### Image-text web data
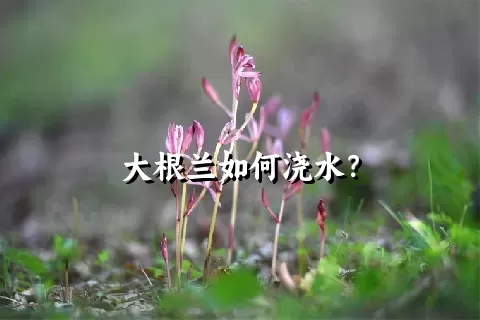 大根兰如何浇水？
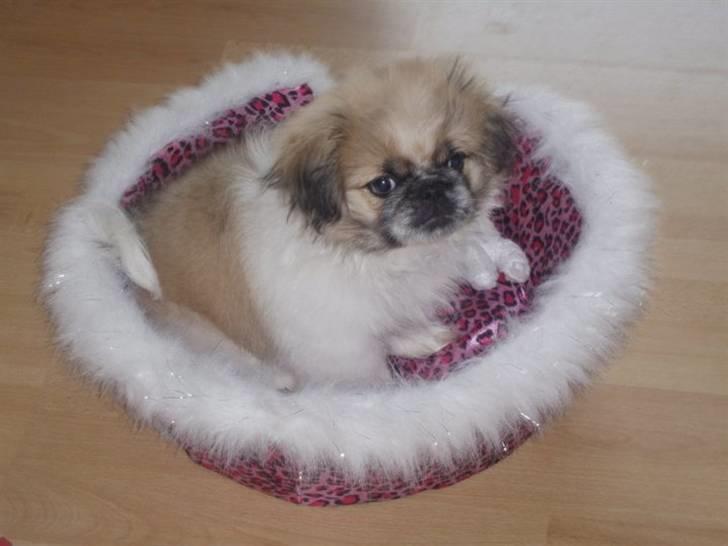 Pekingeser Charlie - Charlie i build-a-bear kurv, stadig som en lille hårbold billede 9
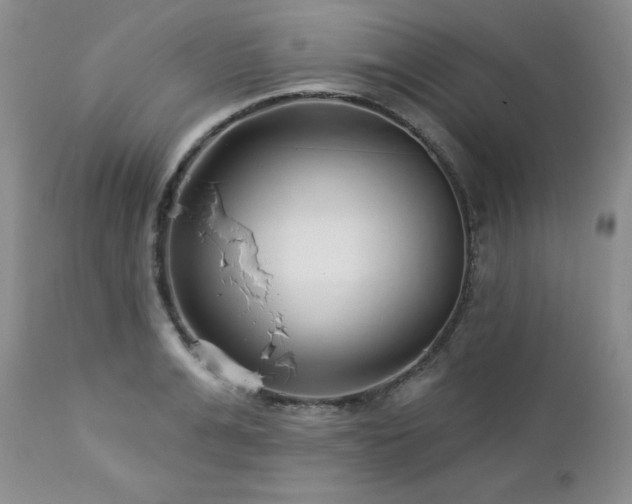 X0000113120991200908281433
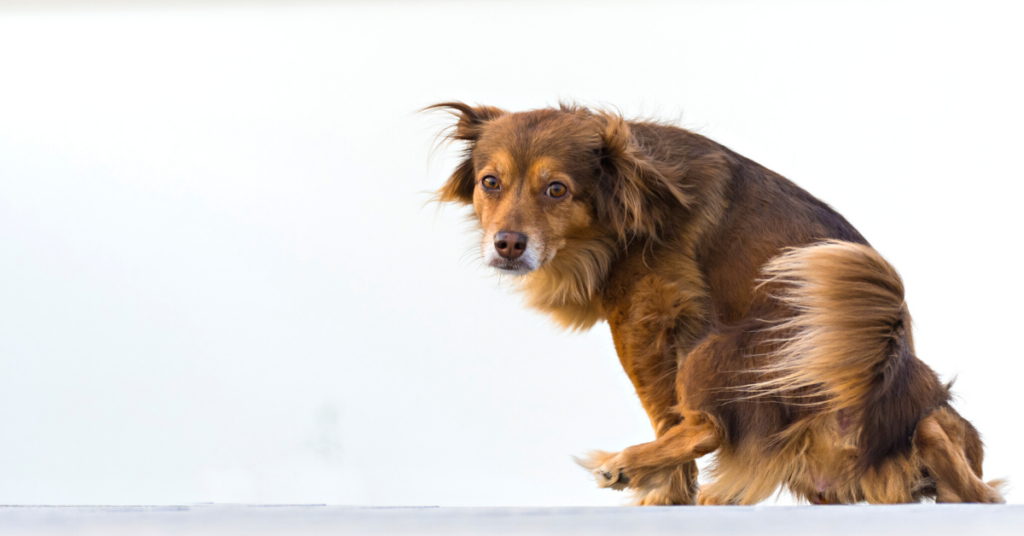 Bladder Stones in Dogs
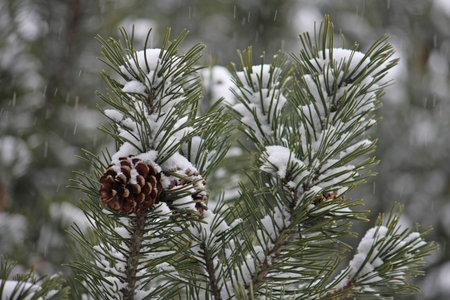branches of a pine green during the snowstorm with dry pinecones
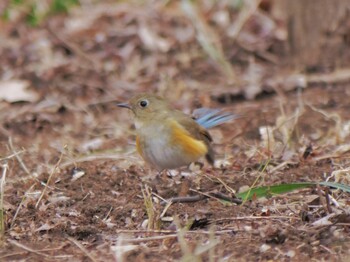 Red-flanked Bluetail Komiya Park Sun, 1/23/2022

### Task item
Please retype the lines from the one that contains "Pekingeser Charlie - Charlie" to the final line of the records, both included, exactly as written and without any pictures.

### Response below
 Pekingeser Charlie - Charlie i build-a-bear kurv, stadig som en lille hårbold billede 9
 X0000113120991200908281433
 Bladder Stones in Dogs
branches of a pine green during the snowstorm with dry pinecones
 Red-flanked Bluetail Komiya Park Sun, 1/23/2022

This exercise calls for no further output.